Required action: Give again, word for word, every line below from the one that has "Enrico Pispisa; Silvia" through the one that has "Apartamento, 2 quartos, 63 m² - Foto 8", both included, and no others.

Task inputs:
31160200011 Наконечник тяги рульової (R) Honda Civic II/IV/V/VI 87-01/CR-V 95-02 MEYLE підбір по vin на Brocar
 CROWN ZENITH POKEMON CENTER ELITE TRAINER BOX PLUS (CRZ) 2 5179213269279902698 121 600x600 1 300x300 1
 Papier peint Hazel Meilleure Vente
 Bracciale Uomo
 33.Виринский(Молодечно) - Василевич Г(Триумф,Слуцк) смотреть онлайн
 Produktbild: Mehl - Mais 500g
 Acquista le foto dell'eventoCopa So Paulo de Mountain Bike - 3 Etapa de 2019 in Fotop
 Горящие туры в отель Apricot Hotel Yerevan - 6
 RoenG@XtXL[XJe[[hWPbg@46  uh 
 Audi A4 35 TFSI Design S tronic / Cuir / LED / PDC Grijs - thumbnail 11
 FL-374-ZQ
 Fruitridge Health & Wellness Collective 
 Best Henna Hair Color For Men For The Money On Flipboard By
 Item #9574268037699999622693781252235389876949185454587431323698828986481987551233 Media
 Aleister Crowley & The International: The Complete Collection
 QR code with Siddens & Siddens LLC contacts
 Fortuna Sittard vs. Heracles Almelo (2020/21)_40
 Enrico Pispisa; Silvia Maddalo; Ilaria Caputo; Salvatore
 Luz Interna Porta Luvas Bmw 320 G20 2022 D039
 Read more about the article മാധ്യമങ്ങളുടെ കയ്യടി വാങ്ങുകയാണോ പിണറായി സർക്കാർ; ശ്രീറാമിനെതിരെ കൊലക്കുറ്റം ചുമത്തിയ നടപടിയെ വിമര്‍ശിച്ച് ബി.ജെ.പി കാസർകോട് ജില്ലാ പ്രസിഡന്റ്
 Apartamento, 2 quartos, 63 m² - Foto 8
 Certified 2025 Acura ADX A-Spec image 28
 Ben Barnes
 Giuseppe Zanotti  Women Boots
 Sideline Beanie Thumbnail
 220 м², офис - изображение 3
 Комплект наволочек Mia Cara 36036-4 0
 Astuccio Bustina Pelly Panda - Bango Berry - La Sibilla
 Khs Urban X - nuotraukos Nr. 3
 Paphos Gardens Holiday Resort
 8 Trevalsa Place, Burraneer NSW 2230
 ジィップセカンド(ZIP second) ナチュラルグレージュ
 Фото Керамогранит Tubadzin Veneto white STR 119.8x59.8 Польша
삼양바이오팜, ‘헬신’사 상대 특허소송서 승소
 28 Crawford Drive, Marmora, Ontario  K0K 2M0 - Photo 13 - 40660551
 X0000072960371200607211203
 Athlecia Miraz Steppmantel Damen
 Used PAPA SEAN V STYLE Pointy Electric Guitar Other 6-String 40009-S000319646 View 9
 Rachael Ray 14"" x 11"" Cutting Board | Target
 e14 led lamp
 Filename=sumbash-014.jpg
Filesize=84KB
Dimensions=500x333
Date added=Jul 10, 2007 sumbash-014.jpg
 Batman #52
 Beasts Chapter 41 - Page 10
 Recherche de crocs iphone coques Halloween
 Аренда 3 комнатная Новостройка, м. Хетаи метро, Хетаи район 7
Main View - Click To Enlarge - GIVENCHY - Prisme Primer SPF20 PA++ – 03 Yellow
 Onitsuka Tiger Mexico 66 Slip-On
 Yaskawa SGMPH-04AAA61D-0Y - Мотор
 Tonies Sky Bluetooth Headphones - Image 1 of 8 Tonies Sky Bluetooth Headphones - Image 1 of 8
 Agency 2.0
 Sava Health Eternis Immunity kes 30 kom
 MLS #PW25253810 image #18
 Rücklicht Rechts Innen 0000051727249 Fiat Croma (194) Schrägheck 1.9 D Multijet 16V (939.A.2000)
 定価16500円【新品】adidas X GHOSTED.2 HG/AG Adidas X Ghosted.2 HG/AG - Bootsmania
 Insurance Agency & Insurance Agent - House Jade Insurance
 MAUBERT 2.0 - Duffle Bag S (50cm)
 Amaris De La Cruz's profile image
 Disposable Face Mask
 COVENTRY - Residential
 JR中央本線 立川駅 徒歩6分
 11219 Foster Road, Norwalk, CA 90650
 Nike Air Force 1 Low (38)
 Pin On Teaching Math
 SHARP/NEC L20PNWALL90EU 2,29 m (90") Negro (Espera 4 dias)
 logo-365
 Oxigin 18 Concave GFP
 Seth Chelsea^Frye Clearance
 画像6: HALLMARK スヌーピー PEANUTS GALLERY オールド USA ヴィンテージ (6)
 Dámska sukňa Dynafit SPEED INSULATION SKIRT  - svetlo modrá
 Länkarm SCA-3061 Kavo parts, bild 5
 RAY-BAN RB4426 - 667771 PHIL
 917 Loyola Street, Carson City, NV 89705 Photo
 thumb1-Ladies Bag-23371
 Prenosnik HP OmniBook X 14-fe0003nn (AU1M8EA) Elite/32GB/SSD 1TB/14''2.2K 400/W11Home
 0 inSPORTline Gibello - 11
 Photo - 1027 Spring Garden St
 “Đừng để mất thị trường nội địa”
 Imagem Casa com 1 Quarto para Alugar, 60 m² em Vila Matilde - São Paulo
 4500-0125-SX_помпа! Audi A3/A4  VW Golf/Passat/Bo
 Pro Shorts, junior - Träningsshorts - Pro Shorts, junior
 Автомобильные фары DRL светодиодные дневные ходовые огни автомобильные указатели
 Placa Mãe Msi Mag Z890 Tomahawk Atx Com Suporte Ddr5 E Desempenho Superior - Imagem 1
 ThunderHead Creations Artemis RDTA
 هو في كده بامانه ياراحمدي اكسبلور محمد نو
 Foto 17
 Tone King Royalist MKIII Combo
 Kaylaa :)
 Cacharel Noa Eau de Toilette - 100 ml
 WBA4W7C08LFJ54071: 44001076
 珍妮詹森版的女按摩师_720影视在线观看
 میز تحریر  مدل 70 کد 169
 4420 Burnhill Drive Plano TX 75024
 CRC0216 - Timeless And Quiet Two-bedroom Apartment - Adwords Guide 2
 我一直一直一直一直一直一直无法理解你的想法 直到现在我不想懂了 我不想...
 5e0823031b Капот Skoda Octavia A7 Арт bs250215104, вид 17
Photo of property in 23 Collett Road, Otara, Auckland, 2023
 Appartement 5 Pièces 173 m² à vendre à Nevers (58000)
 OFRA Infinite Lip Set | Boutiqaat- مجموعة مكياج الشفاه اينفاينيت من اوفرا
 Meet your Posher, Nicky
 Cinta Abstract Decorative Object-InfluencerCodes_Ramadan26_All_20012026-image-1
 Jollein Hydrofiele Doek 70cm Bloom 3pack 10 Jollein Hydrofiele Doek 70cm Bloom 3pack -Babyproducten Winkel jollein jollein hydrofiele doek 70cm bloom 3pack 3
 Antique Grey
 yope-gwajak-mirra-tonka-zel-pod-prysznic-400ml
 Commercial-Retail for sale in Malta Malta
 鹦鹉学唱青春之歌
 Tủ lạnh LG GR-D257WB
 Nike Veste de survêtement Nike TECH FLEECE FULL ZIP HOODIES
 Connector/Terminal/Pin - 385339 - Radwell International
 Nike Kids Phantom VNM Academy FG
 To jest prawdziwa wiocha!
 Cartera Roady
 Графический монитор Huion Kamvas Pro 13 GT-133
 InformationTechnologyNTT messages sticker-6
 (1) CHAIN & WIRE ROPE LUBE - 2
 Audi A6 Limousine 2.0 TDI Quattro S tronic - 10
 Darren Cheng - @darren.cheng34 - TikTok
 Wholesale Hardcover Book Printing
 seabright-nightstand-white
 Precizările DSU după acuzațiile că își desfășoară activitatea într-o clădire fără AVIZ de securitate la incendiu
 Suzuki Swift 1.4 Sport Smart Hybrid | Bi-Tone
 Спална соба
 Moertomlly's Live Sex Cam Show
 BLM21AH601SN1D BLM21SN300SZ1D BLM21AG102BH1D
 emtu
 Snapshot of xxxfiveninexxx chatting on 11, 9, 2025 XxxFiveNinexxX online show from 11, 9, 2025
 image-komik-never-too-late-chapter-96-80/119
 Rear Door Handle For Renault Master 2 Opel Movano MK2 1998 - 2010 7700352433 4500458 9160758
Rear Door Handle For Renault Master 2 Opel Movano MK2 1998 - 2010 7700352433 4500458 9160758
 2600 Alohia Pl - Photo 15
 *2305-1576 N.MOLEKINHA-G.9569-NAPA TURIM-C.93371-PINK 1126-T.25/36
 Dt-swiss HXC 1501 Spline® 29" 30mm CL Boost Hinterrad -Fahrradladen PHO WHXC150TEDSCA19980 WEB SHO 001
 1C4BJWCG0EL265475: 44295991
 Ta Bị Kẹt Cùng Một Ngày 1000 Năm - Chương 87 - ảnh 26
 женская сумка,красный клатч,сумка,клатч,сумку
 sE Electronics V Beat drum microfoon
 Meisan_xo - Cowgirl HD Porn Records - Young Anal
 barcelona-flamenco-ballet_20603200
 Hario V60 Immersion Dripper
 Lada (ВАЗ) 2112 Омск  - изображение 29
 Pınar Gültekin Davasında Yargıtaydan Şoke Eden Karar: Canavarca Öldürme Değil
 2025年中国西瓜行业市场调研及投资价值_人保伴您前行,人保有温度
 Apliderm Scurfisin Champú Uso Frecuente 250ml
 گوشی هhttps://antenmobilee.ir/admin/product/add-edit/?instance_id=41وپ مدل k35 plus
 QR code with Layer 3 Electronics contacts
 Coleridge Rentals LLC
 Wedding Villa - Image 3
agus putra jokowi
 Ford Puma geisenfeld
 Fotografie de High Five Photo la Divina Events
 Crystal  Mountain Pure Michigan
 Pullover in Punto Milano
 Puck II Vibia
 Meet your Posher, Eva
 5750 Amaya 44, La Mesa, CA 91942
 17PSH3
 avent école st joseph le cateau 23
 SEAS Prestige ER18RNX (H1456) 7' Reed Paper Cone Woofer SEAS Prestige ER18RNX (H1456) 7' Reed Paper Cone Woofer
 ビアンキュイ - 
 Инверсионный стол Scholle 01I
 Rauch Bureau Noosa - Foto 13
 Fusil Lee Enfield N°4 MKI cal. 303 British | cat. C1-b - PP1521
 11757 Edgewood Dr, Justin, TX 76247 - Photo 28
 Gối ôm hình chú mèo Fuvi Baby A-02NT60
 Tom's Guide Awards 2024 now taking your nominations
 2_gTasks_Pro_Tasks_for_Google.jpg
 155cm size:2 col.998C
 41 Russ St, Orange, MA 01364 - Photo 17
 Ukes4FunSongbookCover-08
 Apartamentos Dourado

Written response:
 Enrico Pispisa; Silvia Maddalo; Ilaria Caputo; Salvatore
 Luz Interna Porta Luvas Bmw 320 G20 2022 D039
 Read more about the article മാധ്യമങ്ങളുടെ കയ്യടി വാങ്ങുകയാണോ പിണറായി സർക്കാർ; ശ്രീറാമിനെതിരെ കൊലക്കുറ്റം ചുമത്തിയ നടപടിയെ വിമര്‍ശിച്ച് ബി.ജെ.പി കാസർകോട് ജില്ലാ പ്രസിഡന്റ്
 Apartamento, 2 quartos, 63 m² - Foto 8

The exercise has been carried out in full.